Another one to consider that's in a similar price range is a Hi-Soft board if you're willing to consider synthetics. (Shown here at Korin.) It's a fairly soft plastic board, easy on your wrists and on your knives. You still have to wash it by hand and it will show some cut marks over time, but it's a really nice board.

I like mine enough that I'm considering getting a second one (looks like they're on a little sale.)


----------



## richard (Jul 12, 2016)

I have a smaller Shun Hinoki I use for sushi/sashimi. It does stain and I can't say yet about retaining odors, but I have to say I'm not fully used to it's natural pine scent (pretty strong), so I'm glad it's not my primary board.


----------



## Hianyiaw (Jul 12, 2016)

There's a ebayer by the name of 227wood that makes very decent end grain boards at a great price. You could check him out. Have one of his walnut board and it was great. Although I don't have a boardsmith to compare with but hey it works.


----------



## LifeByA1000Cuts (Jul 12, 2016)

"biggest that you can fit" is good or bad advice depending on how you intend to store (or permanently place) it, and whether you want to be able to quickly rinse it - a big one is awkward to wash down under the tap, tends to splash you with water, and uses up a lot of towel dryness. 
I'm one of these people who want any utensil no longer used either in the dishwasher or cleaned AND DRIED and back on its hook NOW. Not because I love cleaning but because I hate it. Wet things standing around are just grunge magnets.
One massively big board is certainly great to have around for pastry work though. Also, having a few dishwasher safe polys around for peeling over/handling unsanitary raw ingredients/... is useful. 

PS, a few screw hooks along one side of a board, and a matching row on a wall or shelf, make boards easy to hang without drilling big holes in the business surface.


----------



## Mucho Bocho (Jul 12, 2016)

I'm with you on this one life-al-la-cut, are you a Virgo too?



LifeByA1000Cuts said:


> "biggest that you can fit" is good or bad advice depending on how you intend to store (or permanently place) it, and whether you want to be able to quickly rinse it - a big one is awkward to wash down under the tap, tends to splash you with water, and uses up a lot of towel dryness.
> I'm one of these people who want any utensil no longer used either in the dishwasher or cleaned AND DRIED and back on its hook NOW. Not because I love cleaning but because I hate it.

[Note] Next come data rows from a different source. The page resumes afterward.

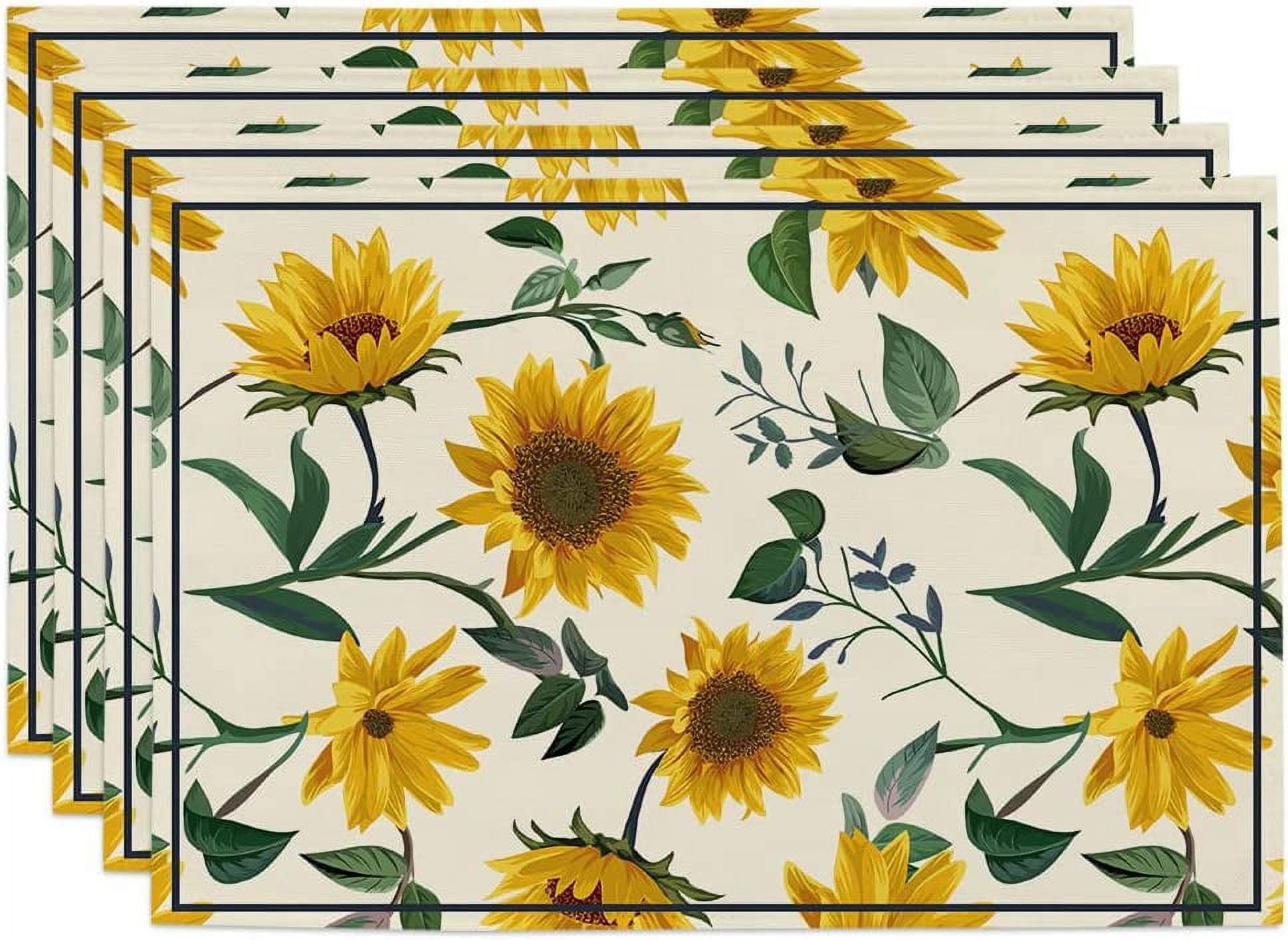 SPXUBZ Placemats, Farmhouse Rustic Sunflower Branches 18x12 Inch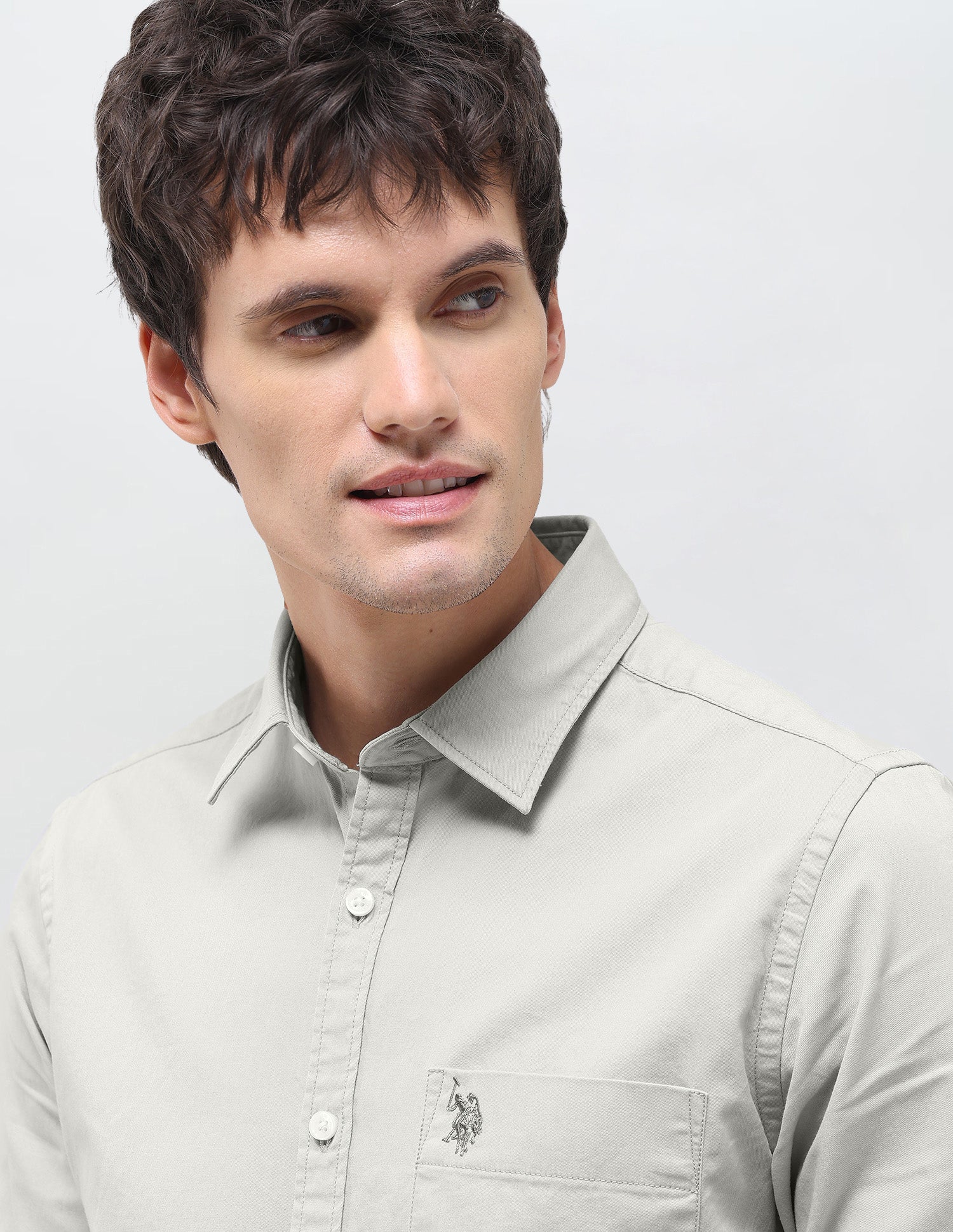 Twill Solid Shirt Light Grey - U.S. Polo Assn. India | Large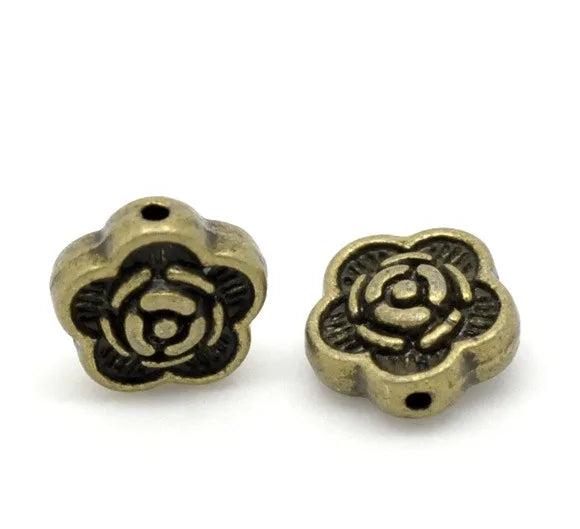 Bronze Tone Snowflake Spacer Beads Plum Loose Beads 12x12mm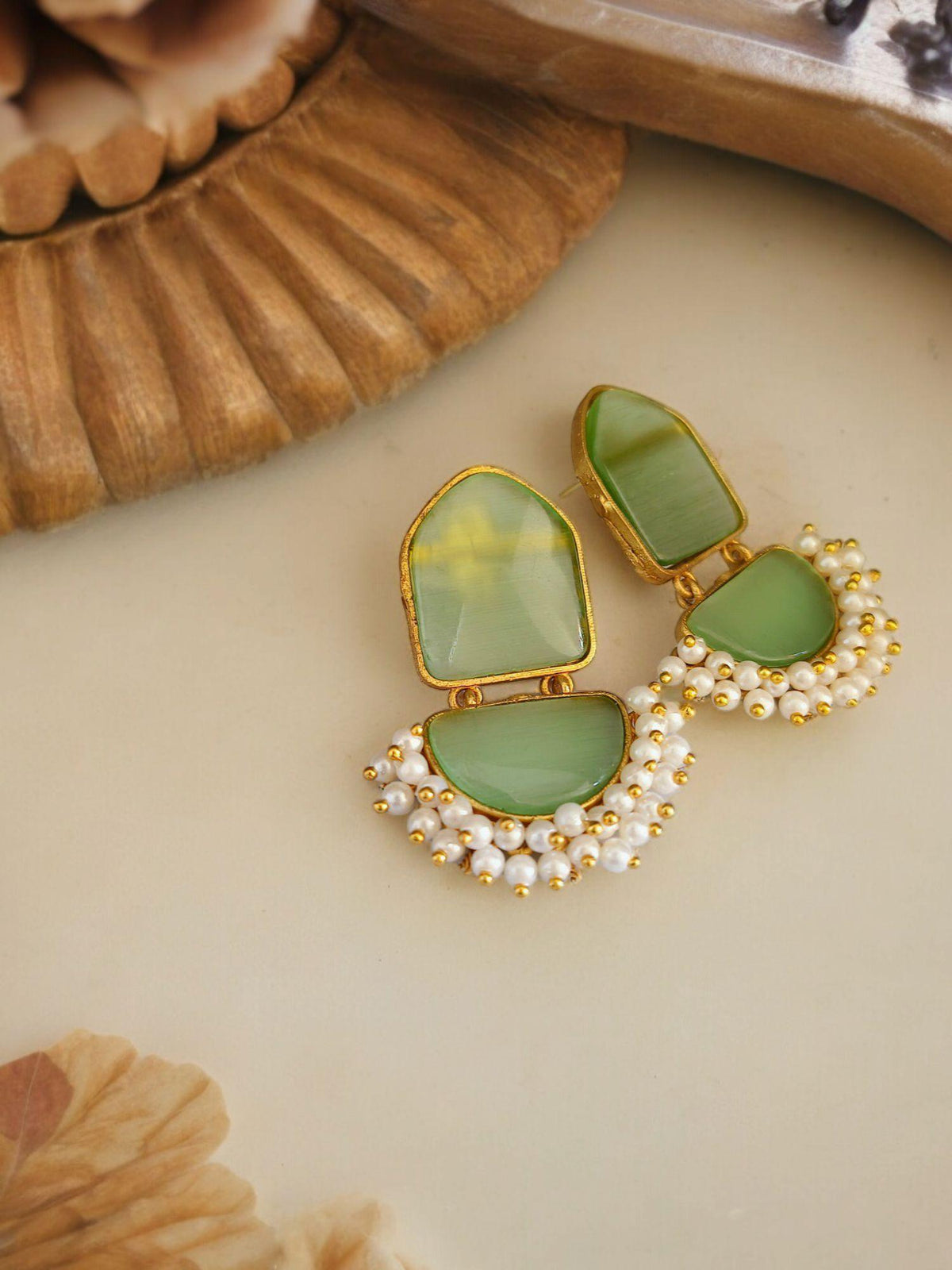 Gold Plated Earring with Monalisa Stone and Pearl | AMOLA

Wet things standing around are just grunge magnets.
> One massively big board is certainly great to have around for pastry work though. Also, having a few dishwasher safe polys around for peeling over/handling unsanitary raw ingredients/... is useful.
> 
> PS, a few screw hooks along one side of a board, and a matching row on a wall or shelf, make boards easy to hang without drilling big holes in the business surface.


----------



## TurboScooter (Jul 12, 2016)

daveb said:


> Of the boards you cited I would go with the Kodai Hinoki. An inch thick will help reduce warping. "Prime" day is coming soon - you might catch a good deal then.



LOL Prime Day. Amazon is already broken.

Even if you found a deal, you're going to get the message:
"Add to cart failed... Retrying..."


----------



## LifeByA1000Cuts (Jul 12, 2016)

Not at all. 

But yeah, I was rambling - just wanted to question the one oversize fits all idea


----------



## Keith Sinclair (Jul 12, 2016)

The Kodai Hinoki is worth the few extra $ because it is thicker. They are light so can wash under tap. Easy on your knives.

The Gecko silicone grip strips are sanitary for stabilizing your board.


----------



## panda (Jul 13, 2016)

+1 hisoft


----------



## Forsberg (Jul 13, 2016)

Just bought this one. 
End grain teak. Will last the rest of my life i guess.. The teak is of good quality and you can smell the oil from it when you unwrap it. Its big and heav, but its the best ive ever had.

http://www.koekkenmagasinet.dk/trip...unner&utm_medium=cpc&utm_campaign=pricerunner


----------



## Mprin002 (Jul 13, 2016)

I had a sapele edge grain custom made! 

http://m.imgur.com/Y18z8p4


----------



## Chef Doom (Jul 13, 2016)

+1 for hi-soft. Hi-soft is the truth. Or if you can find rubber boards at your local kitchen supply, that is also much better than edge grain. Break away from the Wood Cutting Board Cult my friend. You only have to close your eyes and jump.


----------



## Jkts (Jul 13, 2016)

Here is another hinoki board, slightly shorter but also slightly thicker which is nice. I have several boards- boos, boardsmiths, and others. I usually grab the hinokis because they are light and easy to handle...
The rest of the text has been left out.